The relationship of the Corporate General Partner to its affiliates is set
forth above in Item 10.

     During 1997, the Partnership owned an approximate 13.7% interest in
Carlyle/National City Associates ("CNCA"), an Illinois general partnership
in which Carlyle Real Estate Limited Partnership-XII ("Carlyle-XII"),
another partnership sponsored by JMB, owned the remaining 86.3% interest in
CNCA.  In December 1997, CNCA sold its interest in the land, building and
related improvements of the National City Center (the "Property"), an
approximately 786,000 square foot office building located in Cleveland,
Ohio, to BRE/City Center L.L.C. ("BRE"), a Delaware limited liability
company that is affiliated with Blackstone Real Estate Advisors, L.P.,
("BREA") for $82,150,000 (including mortgage indebtedness of approximately
$54,278,000 secured by the Property), subject to prorations and closing
costs.  John G. Schreiber is (i) a director of JMB, which is the Corporate
General Partner of each of the Partnership and Carlyle-XII, and (ii) a
partner in the Associate General Partner of each of the Partnership and
Carlyle-XII.  (JMB is also the general partner of the Associate General
Partner.)  Mr. Schreiber and his family members, directly or indirectly,
own limited partnership interests in Blackstone Real Estate Associates II
L.P. and Blackstone Real Estate Holdings II L.P., through which Mr.
Schreiber and his family members have an interest of up to approximately 3%
of the profits of BRE.  Mr. Schreiber and his family members also own a
limited partnership interest in BREA, through which Mr. Schreiber and his


<PAGE>


family members received a portion of the acquisition fee paid by BRE to
BREA in the amount of $120,370.  The price and other terms of the sale of
the Property to BRE were determined by arm's-length negotiation.  The
decision on behalf of CNCA to sell the property to BRE was made by JMB,
which, as noted above, is the Corporate General Partner (and the general
partner of the Associate General Partner) of each of the Partnership and
Carlyle-XII, the partners in CNCA.  Mr. Schreiber did not participate in
JMB's decision on behalf of CNCA to sell the Property, nor did Mr.
Schreiber participate in the decision on behalf of BRE to purchase the
Property.

     In addition, in July 1997 BRE/ROPA I, Inc. ("ROPA"), a Delaware real
estate investment trust that is affiliated with BREA, acquired the interest
of Teachers Insurance and Annuity Association of America, Inc. ("TIAA") as
lender under the mortgage loan secured by the Riverfront Office Building,
an approximately 340,000 square foot office building in which the
Partnership owns an interest through a joint venture with an unaffiliated
third party.  Mr. Schreiber and his family members, directly or indirectly,
through their ownership of limited partnership interests in Blackstone Real
Estate Associates II L.P. and Blackstone Real Estate Holdings II L.P., have
an interest of up to approximately 3% of the profits of ROPA.  Mr.
Schreiber and his family members, through their interest in BREA, also
received a portion of the acquisition fee paid by ROPA to BREA in
connection with the transaction.  As a result of the transaction, ROPA is
entitled to receive payments due, and otherwise exercise the rights of the
lender, under the mortgage loan, including the right to receive a residual
amount of approximately 50% of the proceeds from a sale of the property in
excess of the lender's minimum internal rate of return amount for the loan.

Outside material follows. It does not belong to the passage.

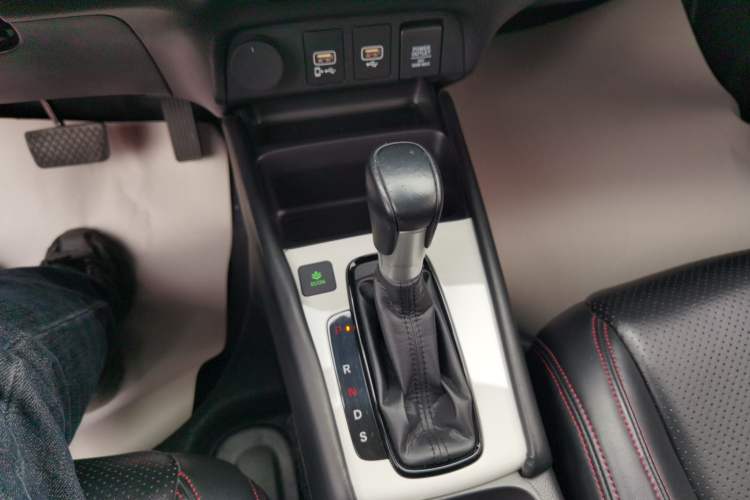 Used Honda LIFE 2021 1.5L CVT CRO-SS Fun Edition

Reference is made to the discussion under "Riverfront Office Building" in
the Notes to Consolidated Financial Statements filed with this report for
further information concerning the terms of the loan.  ROPA negotiated its
acquisition of the lender's interest under the mortgage loan directly with
TIAA.  The terms of the mortgage loan, which had an outstanding principal
balance of approximately $36,000,000 at the time of the transaction, were
not changed in connection with the transaction.  The Partnership has had a
preliminary discussion with ROPA concerning, in essence, a possible
reduction of the lender's residual amount, but there is no assurance that
any such reduction will be obtained.